Olukta deyince bak ne geldi aklıma? Köylerde pınar önünde oluklar olur, hayvanlar su içsin diye. Biz onların içinde yüzerdik güya. Dikilerek suyun içinde yürümeyi yüzme sanırdık, o  bile güzeldi. Suyun içindeydik işte. 8-9 yaşımıza gelince biz kızların girmesi birden bire yasaklanıverdi. Çocuk halimle anlam veremiyordum niye? Sorduğumda aldığım cevapta tatmin etmiyordu. Onlar erkek, sen kızsın deniyordu! Ee, nolmuş yani? Erkekler neden yüzebiliyor o olukta? Ben neden yüzemiyorum? Diye sorular geçiyor akıldan, ama sorgulanmazdı bazı şeyler. Öyle, dedi hep. Çocuk yaşta o coğrafyanın kültürü zorlada olsa bir yer edinidi ve anlamaya çalıştım hep. Anlaması gereken çocuklar oluyor, büyükler anlatamadığı zamanlarda. Kabullendiğin ama anlam veremediğin, buna benzer sorularla beden büyürken, beyin, ruh, kişilik aynı oranda büyüyemiyor tabi. Hep bir eksiklik, bu sorularla büyüdüm ben. Köyde ilk bisiklete binen yine bendim. Bisikletten düşüp, bisikletin direksiyonu kasığıma batıp yaralandığımda, "oy canım, canın acıyor mu" diyen yada kucaklayan yaramı saran olmadı. Aksine, kız kısmı ne işin vardı o şeytan arabasında diye azarlandım. O yüzden hala bisiklete binemem. Aslında yol alırsam sürerim ama inmek ve binmek hala sorunlu. Hayatımda bir çok çıkışlarım bisiklet kullanmama benzer benim. Cesaretliyim, yola çıkarım, sonra bir azar işitir, pısarım. Sonra yine kaplumbağa veya salyangoz gibi yeniden başımı çıkarır yola devam ederim.
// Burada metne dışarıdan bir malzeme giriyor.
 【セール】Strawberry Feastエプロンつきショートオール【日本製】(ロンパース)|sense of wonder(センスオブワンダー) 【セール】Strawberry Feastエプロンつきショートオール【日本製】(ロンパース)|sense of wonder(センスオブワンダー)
Hiç yılmam. Ha, bir tavşan gibi veya bir keklik gibi sekerek ilerlemem ama yol alırım. Sessiz dik başlı olanlardan. Kırmadan dökmeden dikine gitmeye çalışan. Gidemiyorsam eğer, işte o zaman kırabilirim, dökebilirim. Yani sabrım esnektir, sabrım zorlanırsa hala anlayabilme yeteneğimi kullanırım, ama dahada zorlanıyorsa işte o zaman Allah yarattı demem, ne var ne yok kırar dökerim. Konuya nerden girdim nerden çıktım? Aslında konu Eylül'dü. 
....

Evet, konumuz Eylül. Eylül'ün adını, rengini, dinginliğini seviyorum. Hani bahar'ıda görmüş, yaz'ıda. Bir ömür gibi yani. Yaşanacak iki mevsim kalmış geriye, sonbahar ve kış.. Ömrümün Eylül ayına girdiğini hissediyorum. Bunu bedenimde söylüyor bana. Sonbahar rengindeyim ben. Sarıyım biraz, turuncuyum, soluk yeşilim, koyu kırmızıyım hala. Koyu kırmızı denince şarap geliyor aklıma. Bir yandanda şarap mevsimi aslında. Süryanice adı  Aylül olan bu ay, şarap demekmiş zaten. Acaba geçmişimde bir Süryanilik var mı diye düşünmüyorum değil hani?:)

Konuyu sürekli dağıtıyormuş gibi görünsemde  aslında etrafında dolanıyorum. Tamda gecenin bir yarısı bunları yazarken Türkiye'den bir arkadaşım bir müzik gönderdi. Yazıya bu kadar mı uyar, dedim önce. 
"Geçip giden Zaman'ları bir yerlerde bulsam, sonra üzülsem, sonra üzüldüğüme üzülsem" gibi. 

Sonra, hayatımın sonbaharında olduğumu düşündüm yeniden. Bilmiyorum geçip giden zaman'ları bir yerlerde bulmak ister miydim? Yaşandı, bitti, gitti. Hesaplar soruldu. Hesaplar kapandı. Kâr, insani hesaba uymasada zararlı çıkmadım şimdiye kadar yaşadıklarımdan. 
Ömrünün mevsimi sonbaharı yaşamak istiyorum. Belki rüzgarların arkasında savrulur uçar giderim sulara, masmavi olurum. Belki dalımda son yaprak olarak kalır, kışı bekler bembeyaz olurum.